The title vir illustris (lit. 'illustrious man') is used as a formal indication of standing in late antiquity to describe the highest ranks within the senates of Rome and Constantinople. All senators had the title vir clarissimus (lit. 'very famous man'); but from the mid fourth century onwards, vir illustris and vir spectabilis (lit. 'admirable man', a lower rank than illustris) were used to distinguish holders of high office.

==History==
===Origins===
The custom of Roman senators of late antiquity appending the title of vir clarissimus to their names developed gradually over the first two centuries. During the fourth century, the senatorial order greatly increased in number, so that the title became more common and new titles were devised to distinguish senators of a higher dignity, namely vir spectabilis and vir illustris. The first instance of vir illustris occurred in AD 354 with its use by the praefectus praetorio. For some decades it was used inconsistently, but then more regularly, perhaps in connection with a formal codification of honours by Emperor Valentinian I in AD 372.

===Offices===
The offices that had a right to the title varied with time.

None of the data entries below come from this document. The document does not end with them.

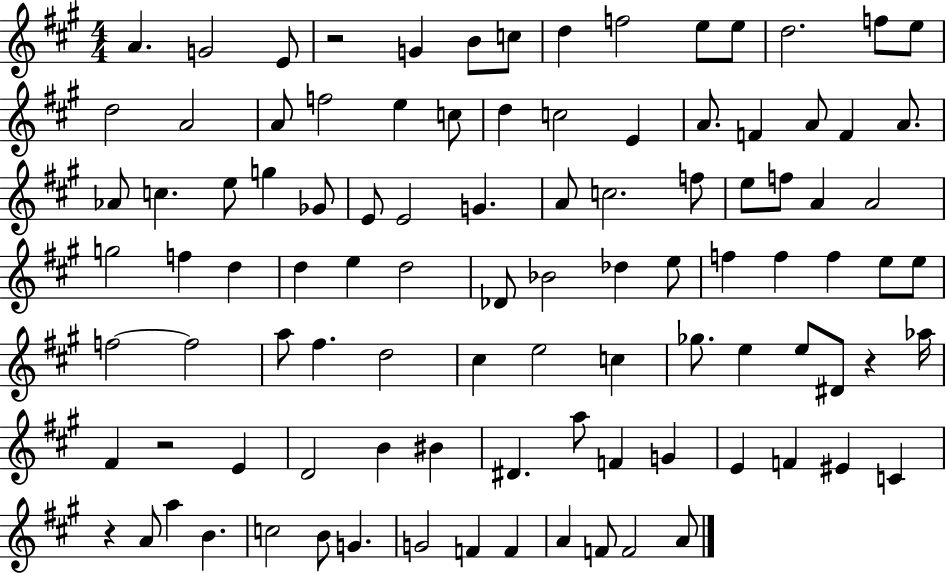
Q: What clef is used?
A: treble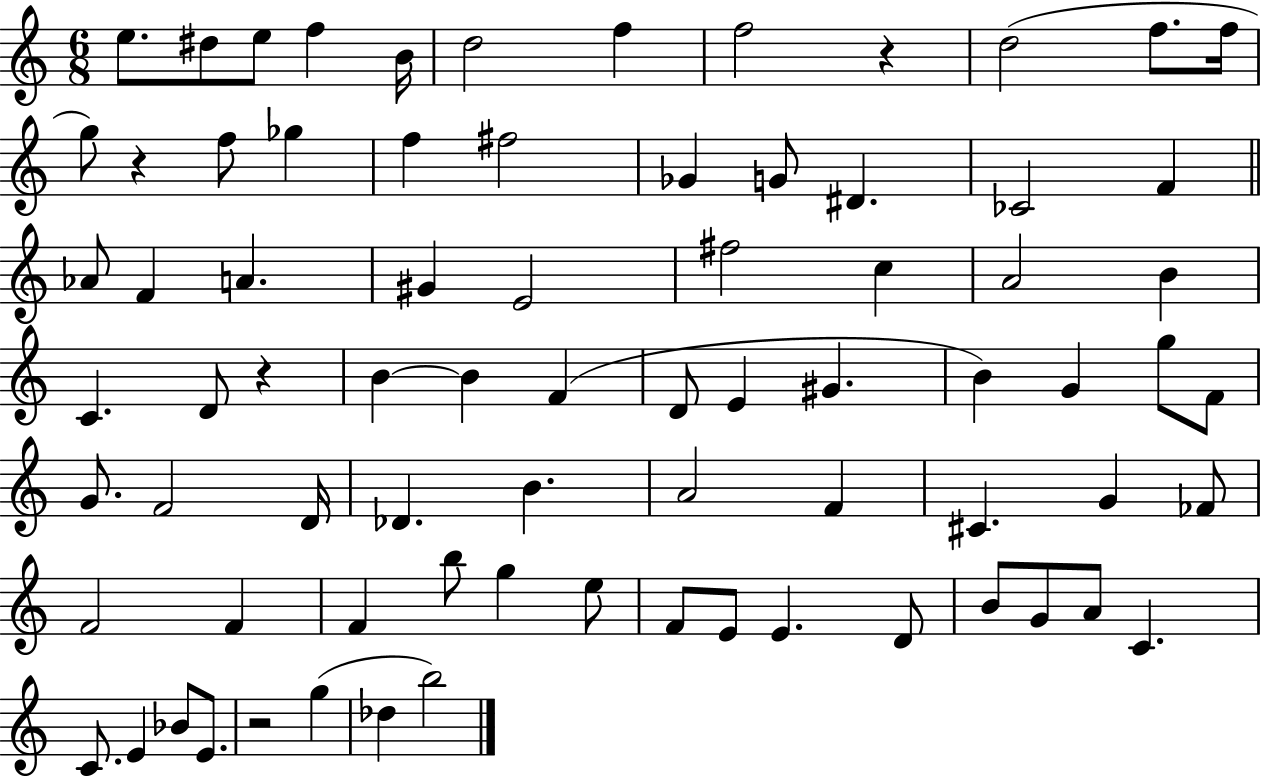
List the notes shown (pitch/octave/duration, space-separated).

E5/e. D#5/e E5/e F5/q B4/s D5/h F5/q F5/h R/q D5/h F5/e. F5/s G5/e R/q F5/e Gb5/q F5/q F#5/h Gb4/q G4/e D#4/q. CES4/h F4/q Ab4/e F4/q A4/q. G#4/q E4/h F#5/h C5/q A4/h B4/q C4/q. D4/e R/q B4/q B4/q F4/q D4/e E4/q G#4/q. B4/q G4/q G5/e F4/e G4/e. F4/h D4/s Db4/q. B4/q. A4/h F4/q C#4/q. G4/q FES4/e F4/h F4/q F4/q B5/e G5/q E5/e F4/e E4/e E4/q. D4/e B4/e G4/e A4/e C4/q. C4/e. E4/q Bb4/e E4/e. R/h G5/q Db5/q B5/h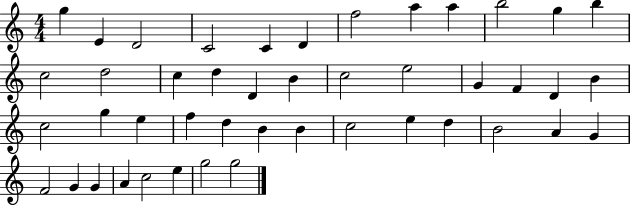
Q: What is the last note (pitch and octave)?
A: G5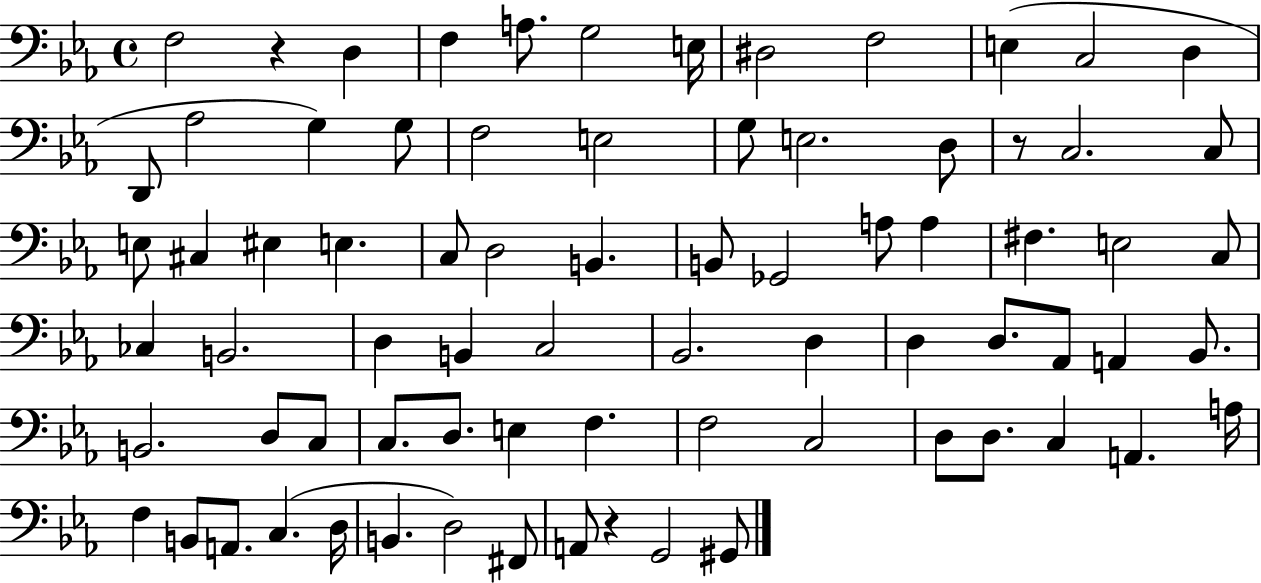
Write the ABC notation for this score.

X:1
T:Untitled
M:4/4
L:1/4
K:Eb
F,2 z D, F, A,/2 G,2 E,/4 ^D,2 F,2 E, C,2 D, D,,/2 _A,2 G, G,/2 F,2 E,2 G,/2 E,2 D,/2 z/2 C,2 C,/2 E,/2 ^C, ^E, E, C,/2 D,2 B,, B,,/2 _G,,2 A,/2 A, ^F, E,2 C,/2 _C, B,,2 D, B,, C,2 _B,,2 D, D, D,/2 _A,,/2 A,, _B,,/2 B,,2 D,/2 C,/2 C,/2 D,/2 E, F, F,2 C,2 D,/2 D,/2 C, A,, A,/4 F, B,,/2 A,,/2 C, D,/4 B,, D,2 ^F,,/2 A,,/2 z G,,2 ^G,,/2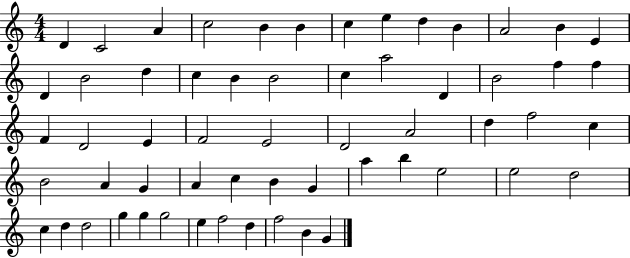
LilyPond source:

{
  \clef treble
  \numericTimeSignature
  \time 4/4
  \key c \major
  d'4 c'2 a'4 | c''2 b'4 b'4 | c''4 e''4 d''4 b'4 | a'2 b'4 e'4 | \break d'4 b'2 d''4 | c''4 b'4 b'2 | c''4 a''2 d'4 | b'2 f''4 f''4 | \break f'4 d'2 e'4 | f'2 e'2 | d'2 a'2 | d''4 f''2 c''4 | \break b'2 a'4 g'4 | a'4 c''4 b'4 g'4 | a''4 b''4 e''2 | e''2 d''2 | \break c''4 d''4 d''2 | g''4 g''4 g''2 | e''4 f''2 d''4 | f''2 b'4 g'4 | \break \bar "|."
}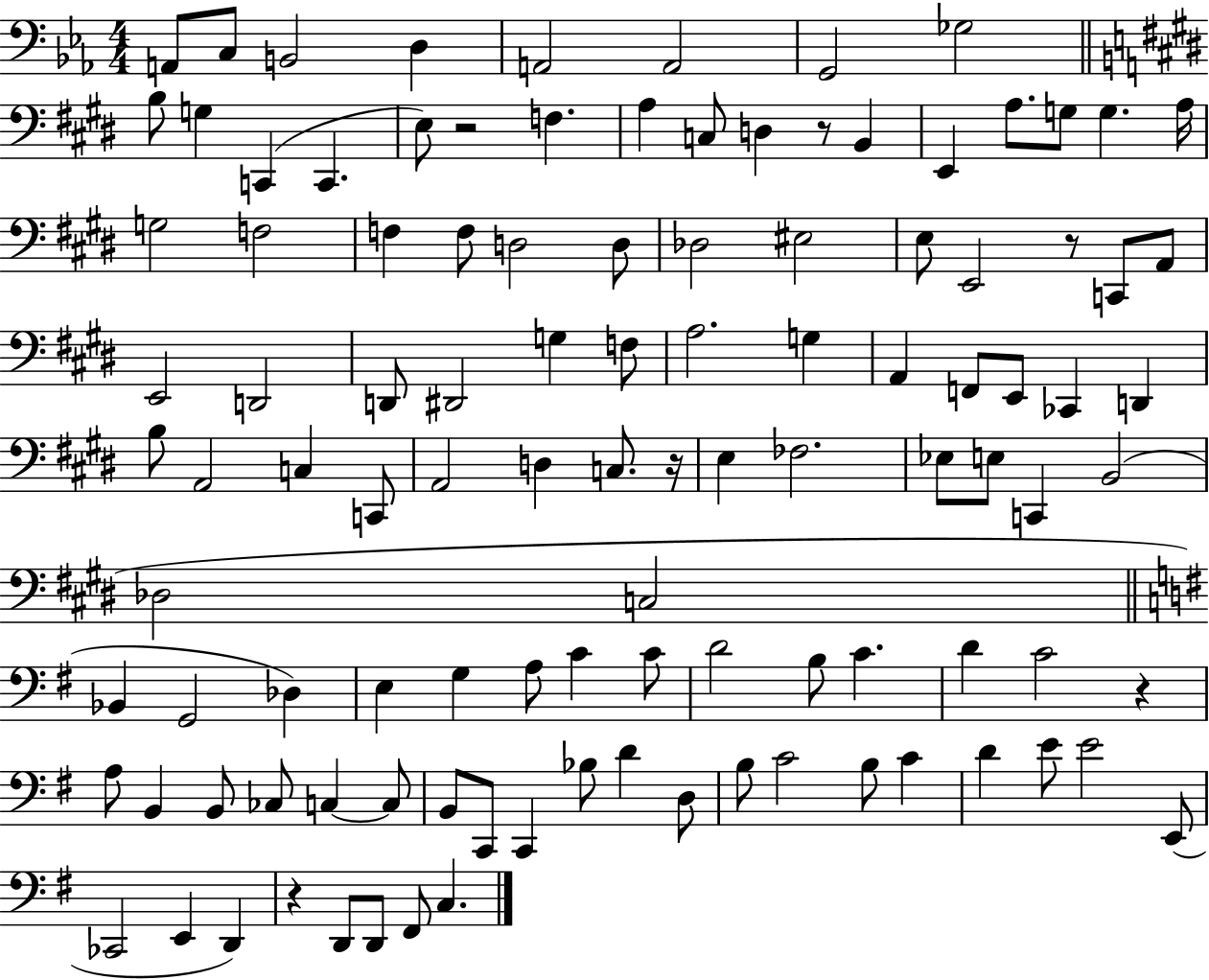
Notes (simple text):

A2/e C3/e B2/h D3/q A2/h A2/h G2/h Gb3/h B3/e G3/q C2/q C2/q. E3/e R/h F3/q. A3/q C3/e D3/q R/e B2/q E2/q A3/e. G3/e G3/q. A3/s G3/h F3/h F3/q F3/e D3/h D3/e Db3/h EIS3/h E3/e E2/h R/e C2/e A2/e E2/h D2/h D2/e D#2/h G3/q F3/e A3/h. G3/q A2/q F2/e E2/e CES2/q D2/q B3/e A2/h C3/q C2/e A2/h D3/q C3/e. R/s E3/q FES3/h. Eb3/e E3/e C2/q B2/h Db3/h C3/h Bb2/q G2/h Db3/q E3/q G3/q A3/e C4/q C4/e D4/h B3/e C4/q. D4/q C4/h R/q A3/e B2/q B2/e CES3/e C3/q C3/e B2/e C2/e C2/q Bb3/e D4/q D3/e B3/e C4/h B3/e C4/q D4/q E4/e E4/h E2/e CES2/h E2/q D2/q R/q D2/e D2/e F#2/e C3/q.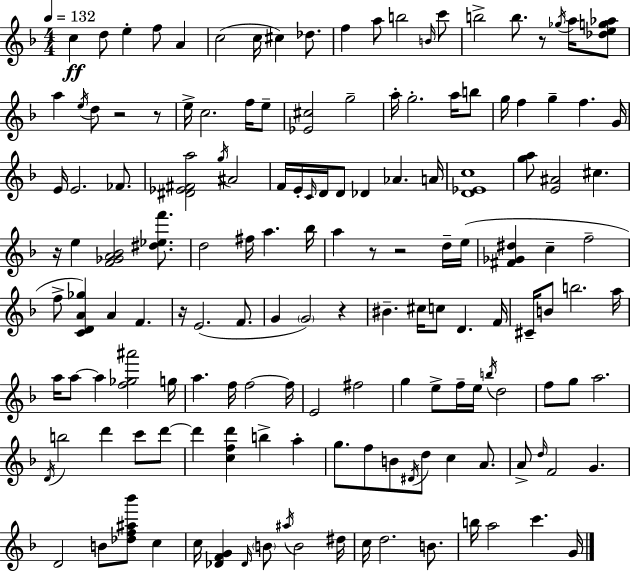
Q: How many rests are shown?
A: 8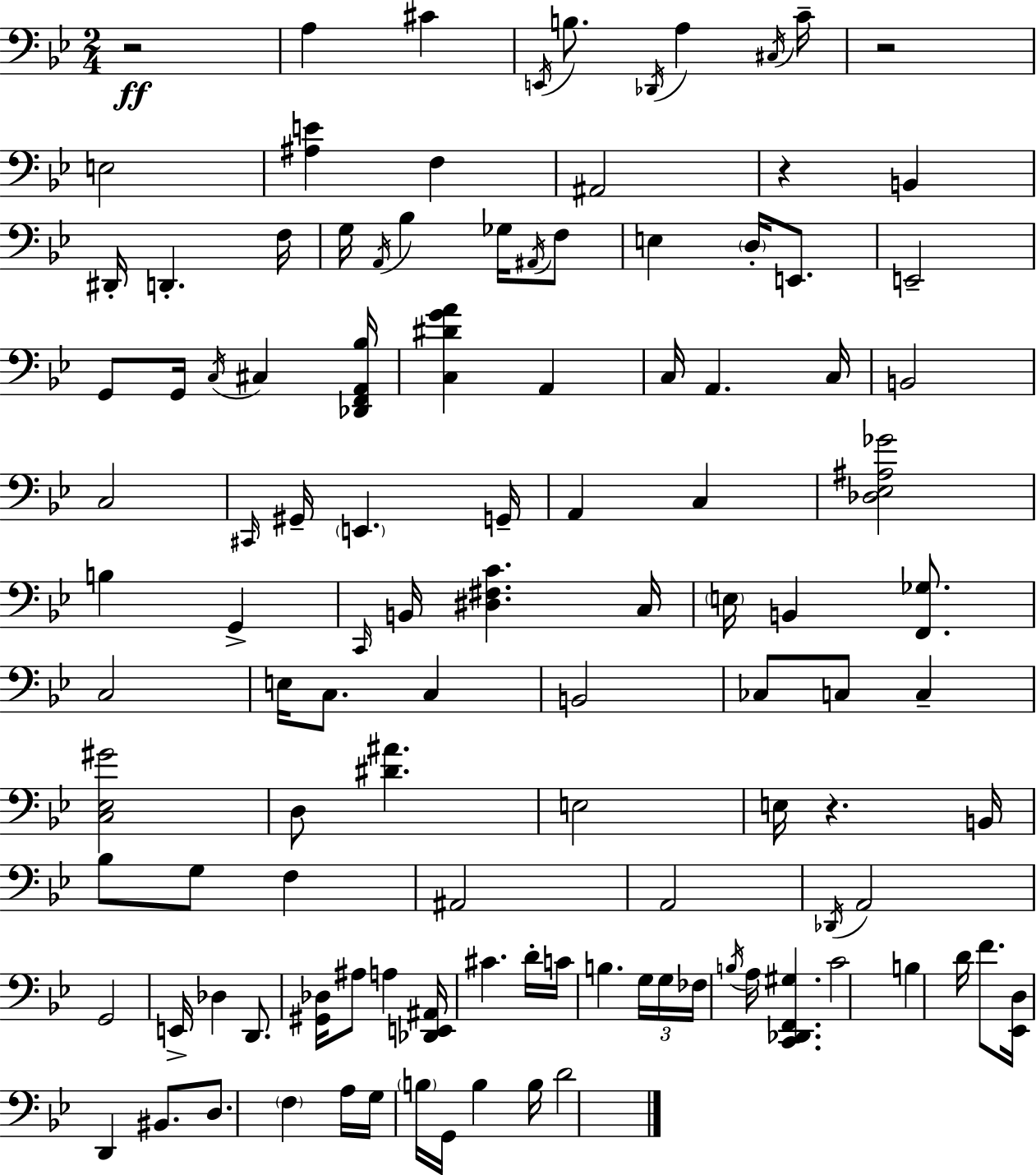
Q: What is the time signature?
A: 2/4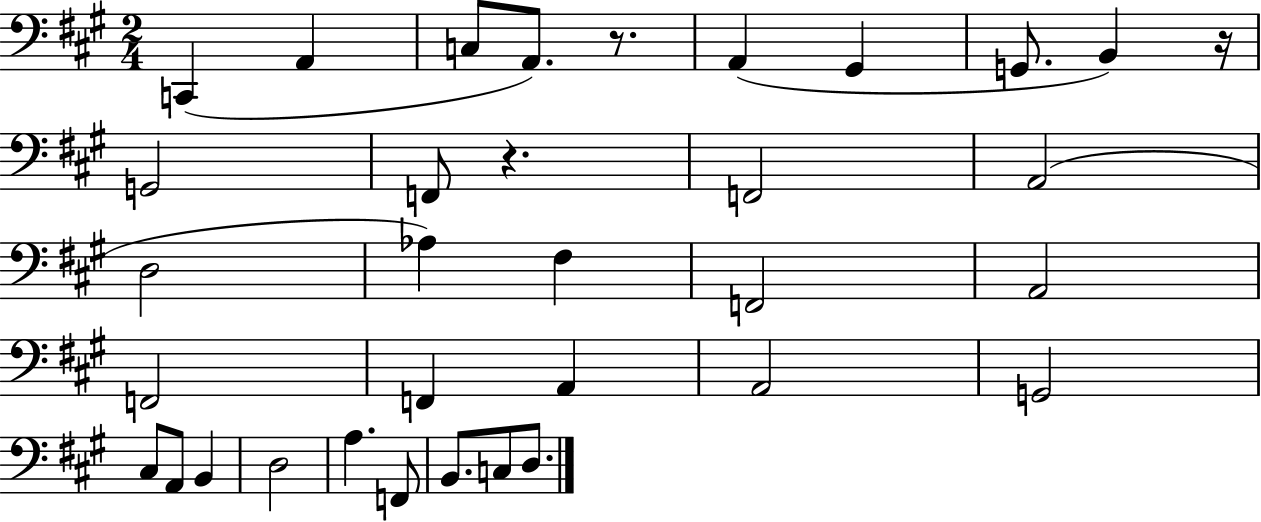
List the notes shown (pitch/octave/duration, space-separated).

C2/q A2/q C3/e A2/e. R/e. A2/q G#2/q G2/e. B2/q R/s G2/h F2/e R/q. F2/h A2/h D3/h Ab3/q F#3/q F2/h A2/h F2/h F2/q A2/q A2/h G2/h C#3/e A2/e B2/q D3/h A3/q. F2/e B2/e. C3/e D3/e.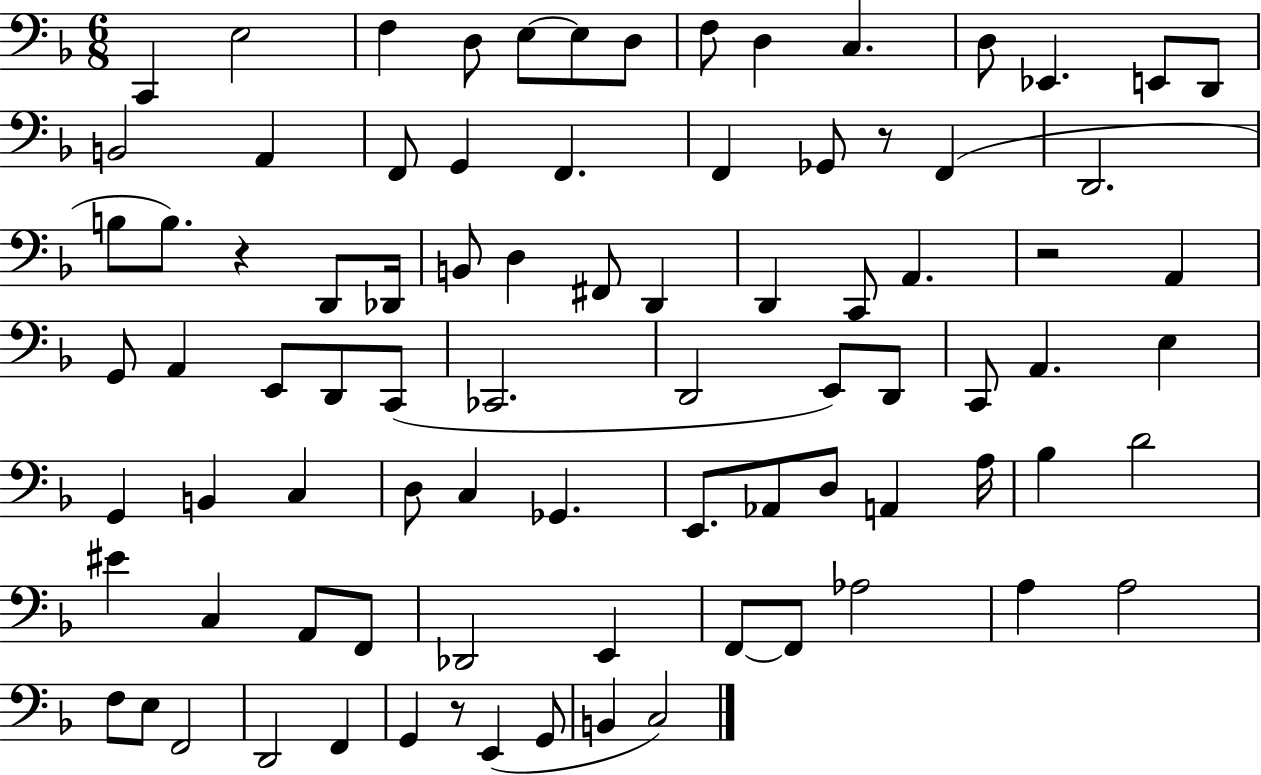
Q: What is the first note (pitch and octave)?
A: C2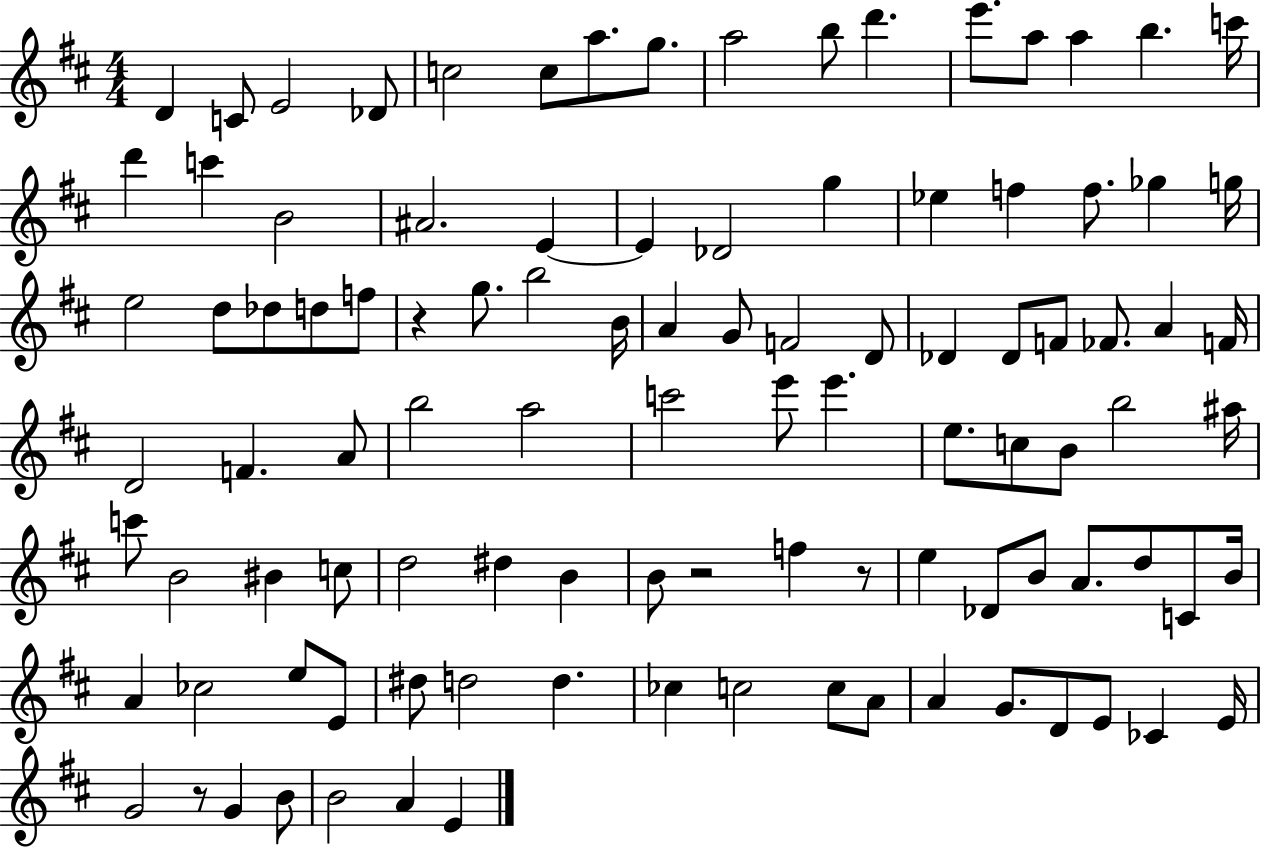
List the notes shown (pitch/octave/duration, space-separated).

D4/q C4/e E4/h Db4/e C5/h C5/e A5/e. G5/e. A5/h B5/e D6/q. E6/e. A5/e A5/q B5/q. C6/s D6/q C6/q B4/h A#4/h. E4/q E4/q Db4/h G5/q Eb5/q F5/q F5/e. Gb5/q G5/s E5/h D5/e Db5/e D5/e F5/e R/q G5/e. B5/h B4/s A4/q G4/e F4/h D4/e Db4/q Db4/e F4/e FES4/e. A4/q F4/s D4/h F4/q. A4/e B5/h A5/h C6/h E6/e E6/q. E5/e. C5/e B4/e B5/h A#5/s C6/e B4/h BIS4/q C5/e D5/h D#5/q B4/q B4/e R/h F5/q R/e E5/q Db4/e B4/e A4/e. D5/e C4/e B4/s A4/q CES5/h E5/e E4/e D#5/e D5/h D5/q. CES5/q C5/h C5/e A4/e A4/q G4/e. D4/e E4/e CES4/q E4/s G4/h R/e G4/q B4/e B4/h A4/q E4/q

The Notitia Dignitatum of the early AD fifth century attached it to the offices of the:
- Praefectus praetorio ('praetorian prefect').
- Praefectus urbi ('urban prefect').
- Magister militum ('master of the soldiers').
- Praepositus sacri cubiculi ('officer of the sacred chamber').
- Magister officiorum ('master of offices').
- Quaestor sacri palatii ('quaestor of the sacred palace').
- Comes sacrarum largitionum ('count of the sacred largess').
- Comes rerum privatarum ('count of the [imperial] private property').
- Comes domesticorum equitum sive peditum ('count of the household cavalry or infantry'). Beyond these, the title is also frequently given to consuls, occasionally to lower offices. In these cases the title may show a broadening of the criteria or may be simply an honorary grant to an individual.

===Later developments===
The Illustres soon were regarded as the active membership of the Senate; and by the middle of the AD fifth century, Spectabiles and Clarissimi were no longer expected to participate in the Senate. By the reign of Emperor Justinian I, all senators were considered Illustres. At the same time the title of "illustris" had been similarly devalued below that of "clarissimus" in the AD fourth century, and high officials were indicated with the titles of "vir gloriosus" or "gloriosissimus" and "vir magnificus".

==Written forms==
In ancient inscriptions and manuscripts, the spelling "inlustris" is more frequent. Because the illustres were a subset of the clarissimi, the title is often written as "vir clarissimus et illustris", especially in official documents. The shorter title was commonly abbreviated "v. i." (: "vv. ii."), "v. inl.", or "vir inl." and the longer title as "v. c. et inl."

In Merovingian and Carolingian times, the spellings vir inluster and viri inlustres were common.